- Born: Cherepovets, Russian SFSR, Soviet Union
- Education: Moscow State Institute of International Relations
- Scientific career
- Fields: International relations, political science
- Workplaces: Moscow State Institute of International Relations

= Andrey Baykov =

Russian historian (born 1984)

Andrey Anatolievich Baykov (Андрей Анатольевич Байков; born 1984) is a Russian international relations scholar, Vice-Rector of Moscow State University of International Relations (MGIMO), editor-in-chief of the International Trends, Director of the Academic Forum on International Relations.

==Biography==
Andrey Baykov was born in 1984 in Cherepovets and graduated from Moscow State University of International Relations in 2007, receiving Master's degree in international relations. In 2009 he was awarded the Candidate of Sciences degree (Russian PhD equivalent degree) for researching comparative regional integration in East Asia and Europe. Having developed this study, in 2012 he published his major work, Comparative Integration. He has been a Docent (Associate Professor) at MGIMO since 2013, also heading its Master's Programmes Office.

==Academic career==
- Vice-Rector for masters and international programmes, MGIMO-University (since 2016)
- Editor-in-chief, International Trends (since 2012)
- Head, Master's Programmes Office at MGIMO (2012 - 2016)
- Director, Academic Forum on International Relations (since 2011)
- Deputy Head, Master's Programmes Office at MGIMO (2009 - 2012)
- Deputy editor-in-chief, International Trends (2008 - 2012)

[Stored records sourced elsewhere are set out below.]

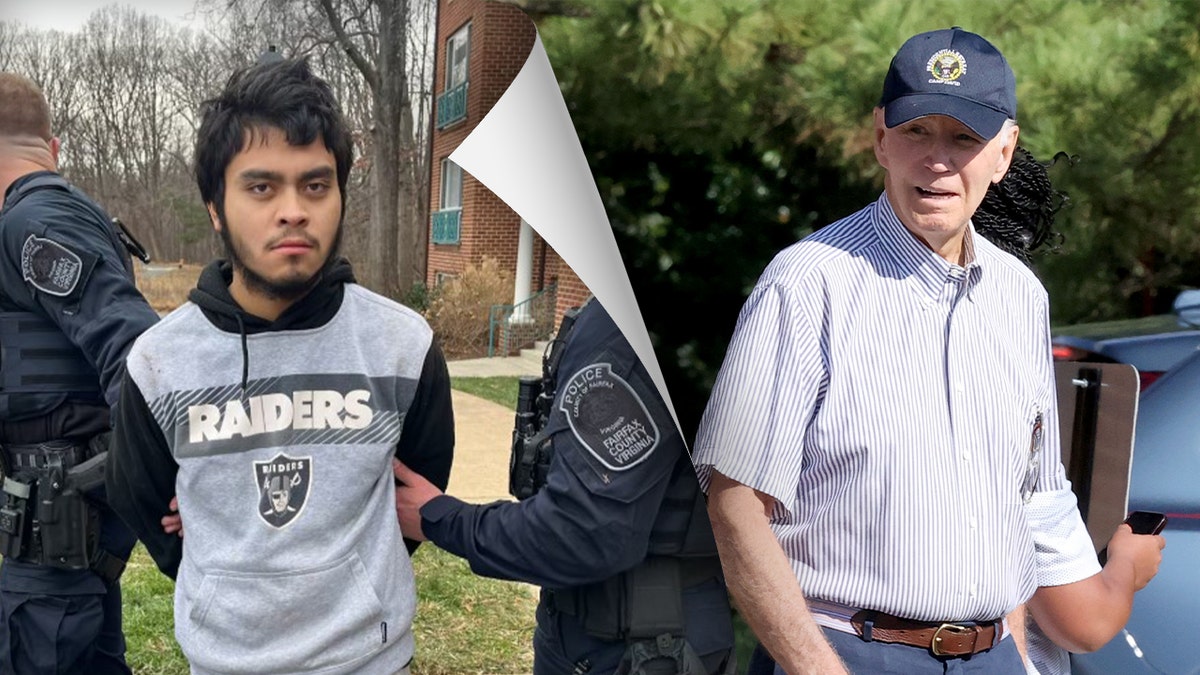 Former President Joe biden next to illegal immigrant accused murderer Marvin Morales-Ortez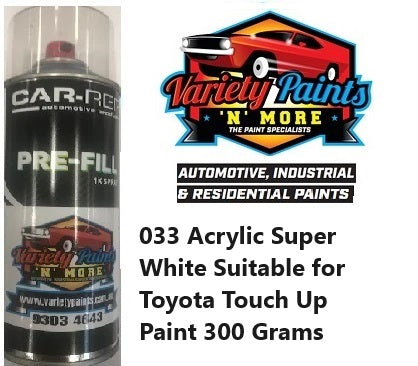 033 Super White Acrylic Suitable for Toyota Touch Up Paint 300 Grams
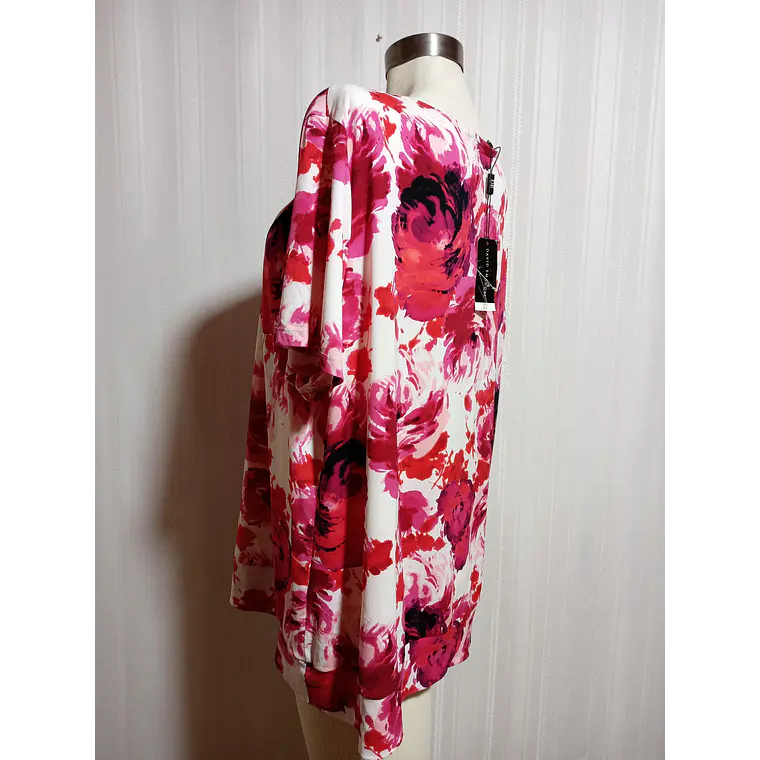 BLUSA MULTICOLOR DAVID EMANUEL TALLA 22 5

Andrey Baykov worked as a visiting scholar at the George Washington University and the Free University of Berlin.

==Publications==
Andrey Baykov has published over 80 works, including a monograph and over 10 chapters in collective monographs. These publications have included:
- Comparative Integration: Experience and Patterns of Integration in the United Europe and Asia Pacific (2012)
- Megatrends of Contemporary International Developments (2013, editor, with T. Shakleina)

He also has several publications in Literaturnaya Gazeta, Nezavisimaya Gazeta and Rossiyskaya Gazeta.

==Awards==
- Honorary Professor of Jilin University (2016)
- Robert H. Donaldson Award, International Studies Association (2013)
- Russian Academy of Sciences Award for young scholars (2013)
- Second Prize, Russian Association of Political Science (2013)
- First Prize, Russian Association of Political Science (2009, with other authors of Contemporary World Politics)

==Private life==
Andrey Baykov is married with three children: two daughters and a son.